Washington, DC -- Today, the Sierra Club submitted comments on Donald Trump’s Department of Justice revision of Harley Davidson’s punishment for Clean Air Act violations. Last year, the Obama Environmental Protection Agency and Department of Justice reached the consent decree to settle claims that the Harley Davidson installed “defeat devices” intended to evade pollution tests for Harley Davidson motorcycles. Almost a year later, the Trump Administration has now asked the Court to replace that original settlement with another agreement, which eliminates a requirement that Harley Davidson invests $3 million towards reducing air pollution.
The original consent decree did not require Harley Davidson to recall or otherwise repair the defeat devices sold by the company; instead it included, among its terms, a requirement that Harley Davidson invest $3 million in a “mitigation project,” which would reduce air pollution by assisting consumers’ purchase of new, efficient wood-fired stoves. That project was to be administered by the American Lung Association. The new decree proposed by the Department of Justice eliminates that project--but provides no substitute to address air pollution resulting from Harley Davidson’s legal violations, no alternative benefit to the public, nor any increase in the financial penalty. The Trump Administration proposes to simply return $3 million to Harley Davidson, reducing the cost to the company to just $34 per violation.

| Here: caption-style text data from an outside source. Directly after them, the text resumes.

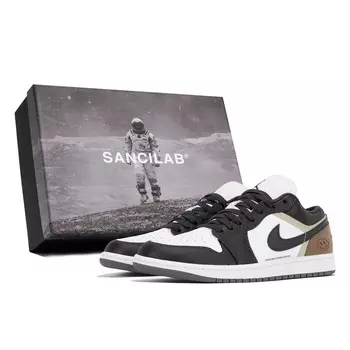 Кроссовки Air Jordan 1 Vintage Basketball Shoes Unisex Low-Top Black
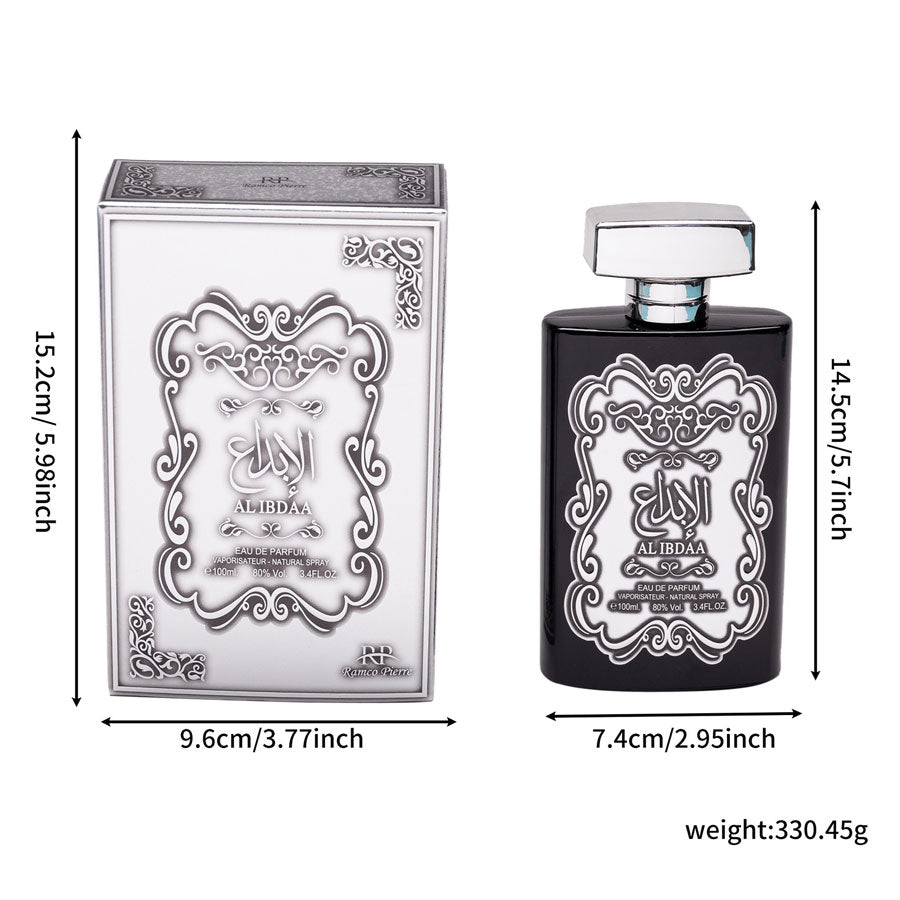 Men perfume wood scent gold bottle 100ml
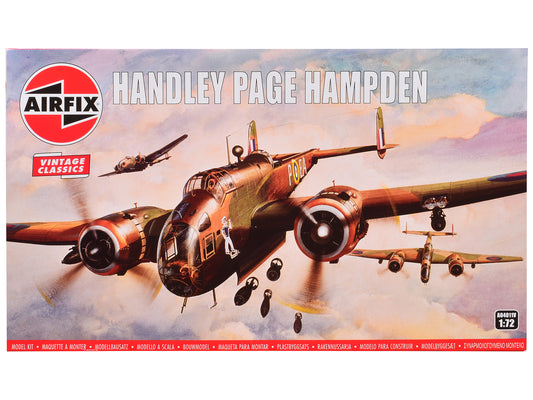 Level 2 Model Kit Handley Page Hampden Bomber Aircraft 1/72 Plastic Model Kit by Airfix-DiecastModeler.com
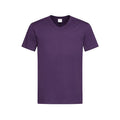 Deep Berry - Front - Stedman Mens Classic V Neck Tee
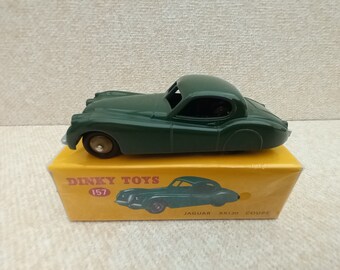 Dinky De Agostini Mattel No.157 Jaguar XK120 finished in green. Still sealed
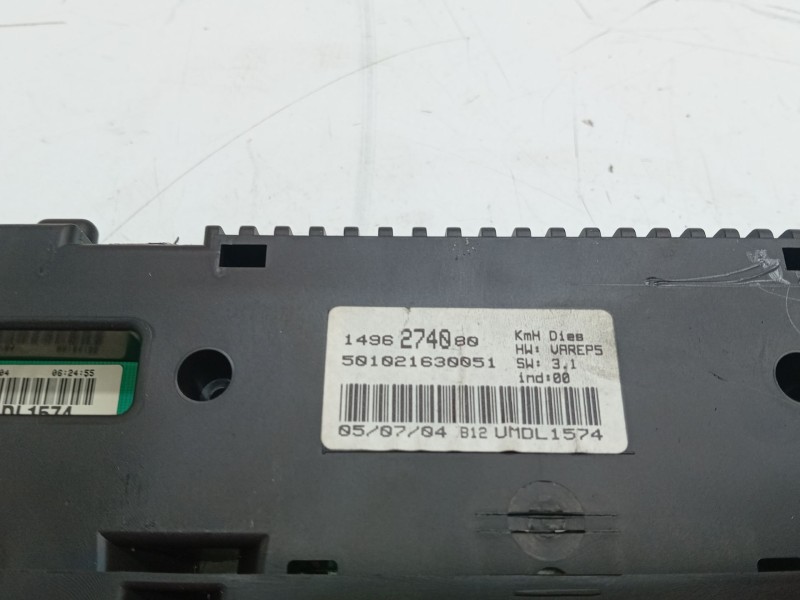 Recambio de cuadro instrumentos para citroën c8 (ea_, eb_) 2.2 hdi referencia OEM IAM 1496274080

This change comes after Attorney General Jeff Sessions announced that the U.S. will no longer enter into settlements directing funds to third-party non-governmental organizations. Historically, these settlements were directed to these entities in order to administer defined programs--like the wood-stove rebates that the Trump Administration wishes to eliminate here--that benefitted the public by reducing the pollution that resulted from the violation of environmental laws, but which the settling parties were unable to administer themselves.
In response, Sierra Club Senior Attorney Peter Morgan released the following statement:
“The Trump administration has made it clear that it favors those breaking the law, over its responsibility to protect Americans’ public health. The proposed decree is an unadorned $3 million gift to a company which has violated the Clean Air Act--at the expense of the public. It’s past time that the Trump administration take its duties seriously and uphold the law rather than permitting polluters to ignore it.”